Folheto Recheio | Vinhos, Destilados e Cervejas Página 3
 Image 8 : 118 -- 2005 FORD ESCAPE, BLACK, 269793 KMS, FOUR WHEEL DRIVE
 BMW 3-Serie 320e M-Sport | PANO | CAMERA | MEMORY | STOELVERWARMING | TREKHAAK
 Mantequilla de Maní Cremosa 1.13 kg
• • • •
» Task instructions: When you reach the end of the data, retype all of it exactly.

» Task result:
Folheto Recheio | Vinhos, Destilados e Cervejas Página 3
 Image 8 : 118 -- 2005 FORD ESCAPE, BLACK, 269793 KMS, FOUR WHEEL DRIVE
 BMW 3-Serie 320e M-Sport | PANO | CAMERA | MEMORY | STOELVERWARMING | TREKHAAK
 Mantequilla de Maní Cremosa 1.13 kg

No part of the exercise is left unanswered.